AI-Driven Enzyme Engineering Platform: From Trial and Error to Computation | MatwingsVenus™（晓鹜™）

In an unremarkable laboratory, a thermostatic chamber is constantly maintained at 65 degrees Celsius. Inside, a specially engineered enzyme is rapidly breaking down fragments of plastic bottles, completely 'digesting' the plastic in just a few hours. This high-temperature-resistant plastic-degrading enzyme was not screened from nature; its creation followed a completely different path—it was mined and optimized by a large artificial intelligence model, accomplishing in one step the leap from sequence design to functional verification.

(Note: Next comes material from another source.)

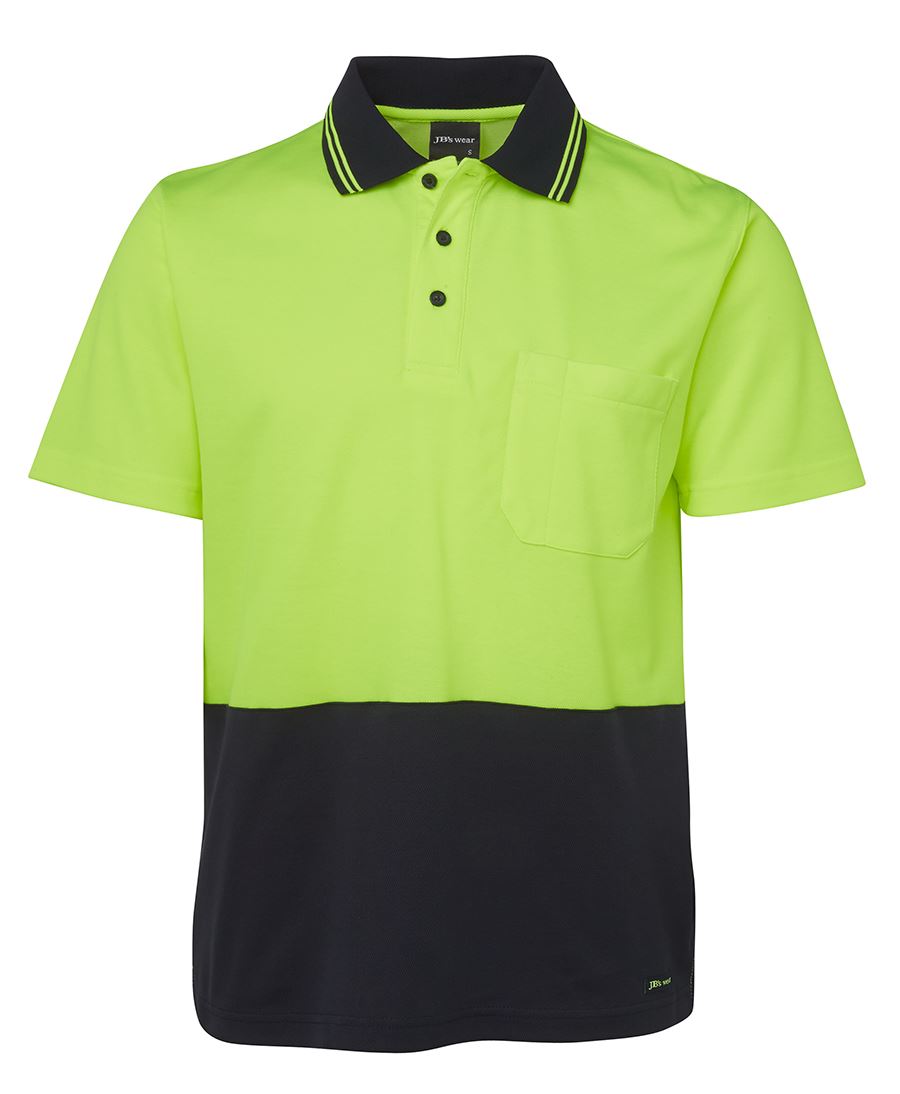 JB's HV Non Cuff S/S Cotton Back Polo - Lime/Navy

The Vast Sequence Space of Proteins

1. The Dilemma of Traditional Enzyme Engineering: Why Is It So Difficult to Modify an Enzyme?

The story of enzyme engineering is, at its core, a long history of trial and error.

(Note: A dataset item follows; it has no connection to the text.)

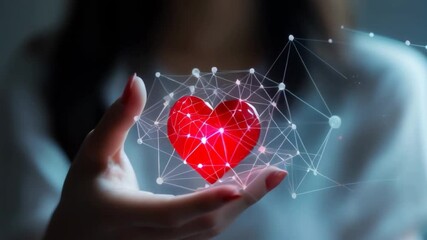 Glowing heart in a network of digital connections, love connected to the digital world, heartbeat in the age of technology - Powered by Adobe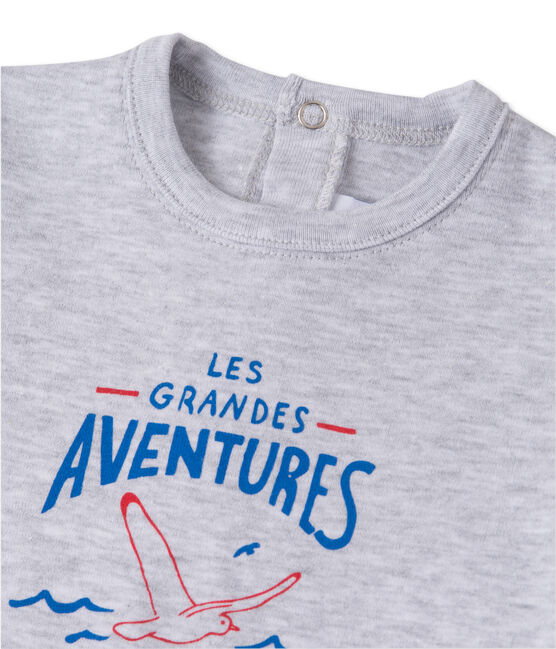 Camiseta serigrafiada para bebé niño gris POUSSIERE CHINE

Enzymes are almost everywhere in industry—decontamination proteases in laundry detergents, lipases in biodiesel production, chiral synthases in pharmaceuticals, and amylase in food processing. Natural enzymes provided by nature often fall short of expectations. They may be vigorous in mild physiological environments, but when exposed to industrial production conditions of high temperatures, strong acids, or strong alkalis, their performance is greatly compromised. Humanity had no choice but to take the path of enzyme modification.

Traditional enzyme engineering mainly relies on two paths. Directed evolution replicates the logic of natural selection: first, a vast variant library is constructed through random mutation, and then mutants with improved functions are selected from them. Rational design advances in a knowledge-driven direction, using the enzyme's three-dimensional structural information to perform targeted modifications of active sites or key residues. Both paths come at a high cost.

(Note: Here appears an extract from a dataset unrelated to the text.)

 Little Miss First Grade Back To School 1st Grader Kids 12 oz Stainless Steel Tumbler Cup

The bottleneck in directed evolution lies in the screening stage. The sequence space generated by random mutations is suffocatingly vast. Liu Hao, CTO of Matwings Technology, gave an example: a protein composed of 361 amino acids can have nearly 7,000 possibilities for just one amino acid substitution; Replacing two of them, the number soared to over 23 million; Replacing three units could push the potential to about 53.3 billion. With traditional methods, finding mutants that meet the needs has a positivity rate of only about 1%, with a cycle often lasting several months or even years.

Rational design appears smarter but heavily relies on high-quality 3D structural data and a deep human understanding of protein folding dynamics. Once encountered with enzymes of unknown structure, or systems with complex catalytic mechanisms and drastically changing conformations, this path often fails. An enzyme composed of just 100 amino acids has a sequence combination space as high as 10,130, far surpassing the physical limits of experimental screening. More challengingly, functional sequences are extremely sparse in this space—about one in every 1,013 random sequences is likely catalytic. The random mutation strategy relied upon by traditional directional evolution ultimately means relying on luck in an almost empty space.

Even after crossing the mathematical threshold of serial space, multi-objective collaborative optimization remains a major obstacle in practical engineering. Industrial applications require enzymes to simultaneously meet multiple dimensions such as activity, thermal stability, substrate selectivity, and tolerance, and these indicators often compete against each other. Over-optimizing thermal stability may damage the dynamic flexibility of active sites, potentially causing loss of activity. It increases the selectivity of one substrate but may weaken its catalytic ability against other substrates. Finding that optimal balance point on the Pareto front is almost impossible based on manual experience alone.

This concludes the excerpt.